For those who may have some interest in the book, but are not
initially willing to invest large of amounts of time in it, I set out a
plan for getting some of the book’s gist. My hope is that after
achieving an overview, some readers will be tempted to go back for
more—not just noting fine points, but mastering the book’s
conceptual framework and conceptual intricacies.
For vision scientists, Parts I–II deal with the least familiar ideas—
principally, the representational form and semantics of perception.
Part III and Chapters 13–18 in Part IV mainly describe matters that
many vision or visuo-motor scientists are familiar with, although
these passages cast those matters in a conceptual form that may be
more unified than specialized accounts provide. Chapter 19 of Part
IV, supported by Chapters 13–18, presents a large view of the visual
system and visuo-motor system that uses perhaps familiar empirical
materials to develop a possibly less familiar, or more sharply
articulated, view of those systems as wholes.
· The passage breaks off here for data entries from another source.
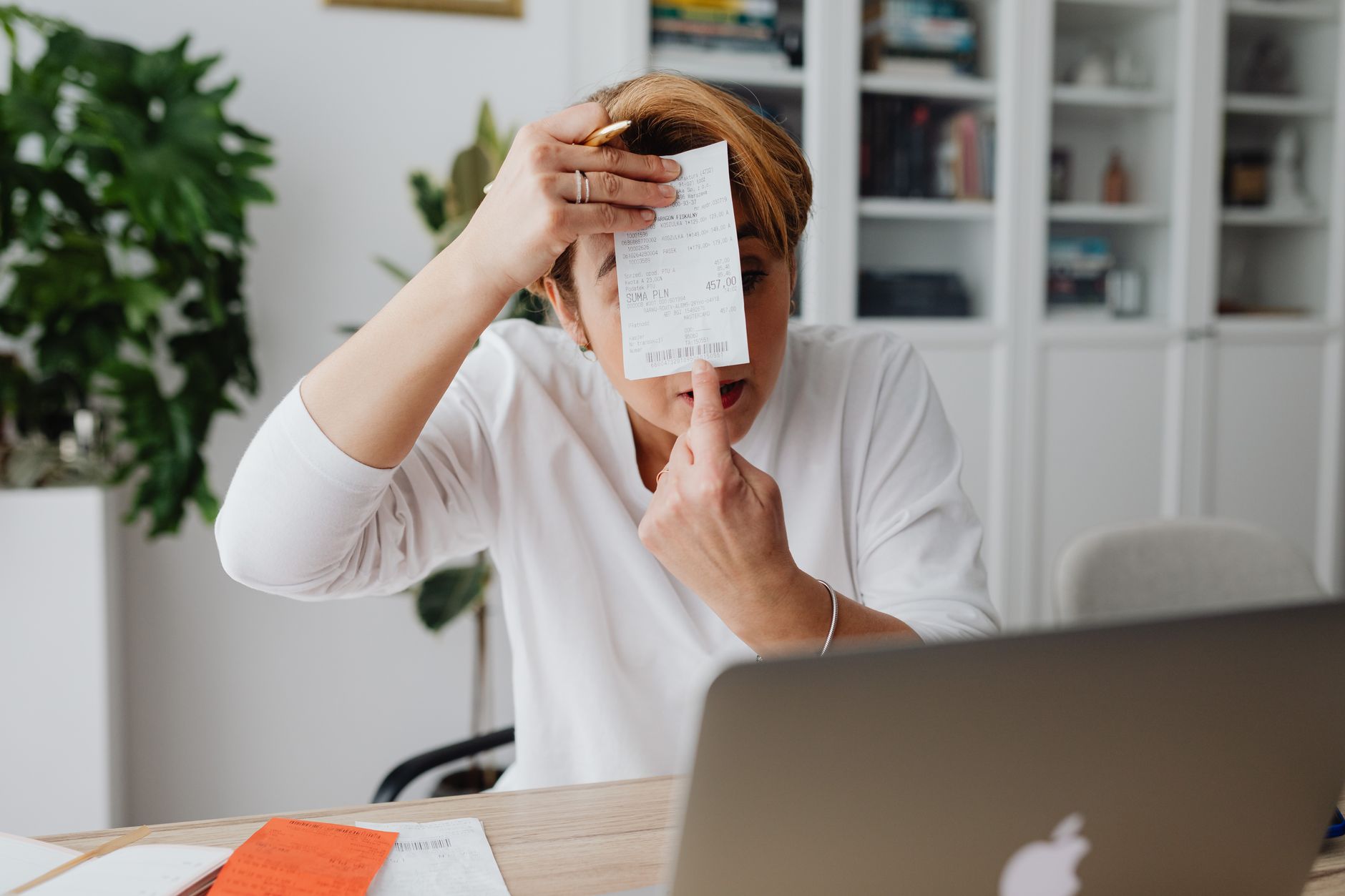 Persona gestionando facturas y pagos de tareas de mystery shopper desde el ordenador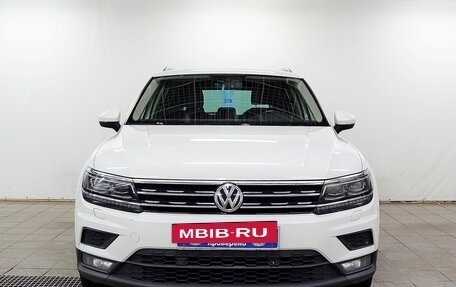 Volkswagen Tiguan II, 2018 год, 1 930 000 рублей, 6 фотография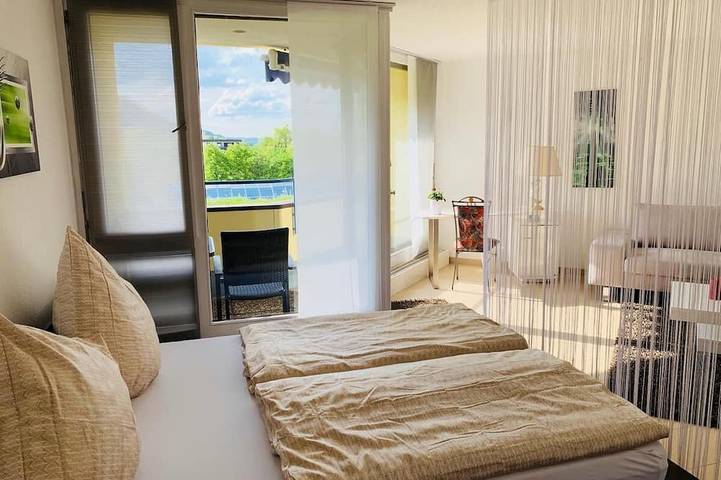 Ferienwohnung für 2 Personen, mit Balkon in Bad Urach - 2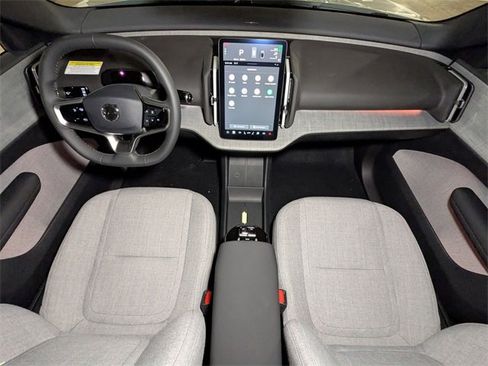 New 2025 Volvo EX30 Ultra w/ Protection Package Premier image 26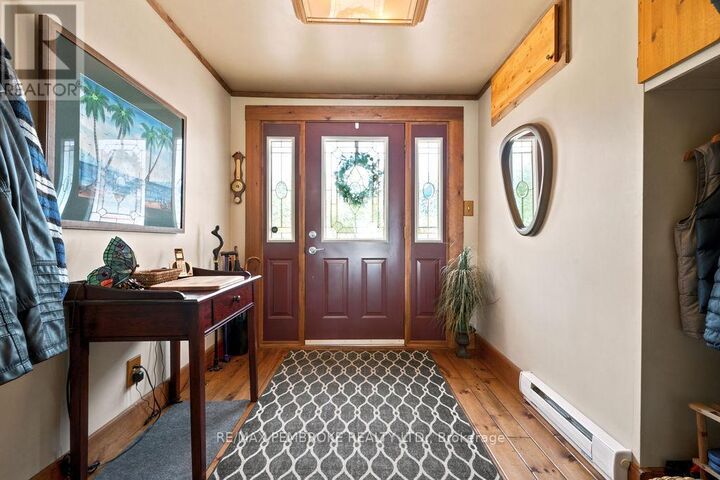 Property Photo:  1213 Burns Drive  ON K8A 7M9 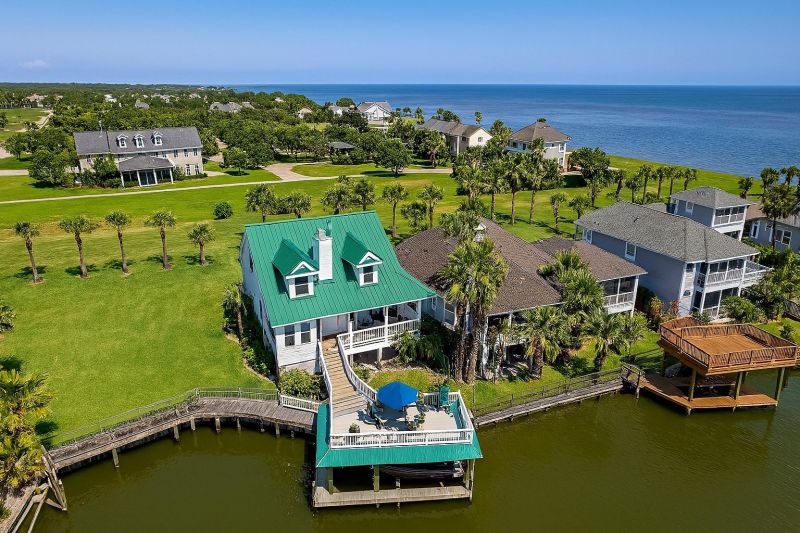 Local Junk Hauling Service in Dickinson, TX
For those, either vision scientists or others, who simply want to
get a sense for the main lines of thought, I offer the following,
tentative guide.
I recommend, in Part I, the first two sections of Chapter 1 and all
of Chapter 2. In Chapter 3, I recommend the prologue and the
section Retinal Image Contour Registration and Surface Contour
Perception. This section illustrates concretely how I think perceptual
constancies are distinguished from other invariances in visual
perception.
In Part II, I recommend the prologue at the beginning of Chapter
4, and the third and fifth sections of the chapter (Representational-
Dependence Hierarchies in Perceptual Attribution and Taxonomic
Hierarchies in Perception). In Chapter 5, I recommend the first two
sections (Basic Form of Perceptual Contents and Perceptual Reference is
Partly Guided by Perceptual Attribution). In Chapter 6, I recommend
the first three and the last of the sections (Review of Basic Form of
Perceptual Representation; Perception of Property Instances; Betokening
and Four Types of Perceptual Attribution; and Perceptual Contents,
Propositions, and Noun Phrase). Chapter 7 gives the central account of
the semantics of perception. This may be hard to follow if one has
skipped too much of the slow development of concepts that lead up
to it. The key section is the next-to-last one (Accuracy Conditions for
Perceptual Attributives in Perceptual Constancies). Chapter 8 centers on
the way space and time are represented in visual perception. It can
be skipped by those not interested in details of perceptual
representational structure. Chapter 9 connects basic representational
structure (the structure of reference and attribution) with the iconic
form of visual perception. The key sections are the first and the last
two (Noun-Phrase-Like Structure and Iconic Representation in Perception;
Relations Between Iconic Format and Representational Content; and The
Tractability of Iconic Attributional Complexity).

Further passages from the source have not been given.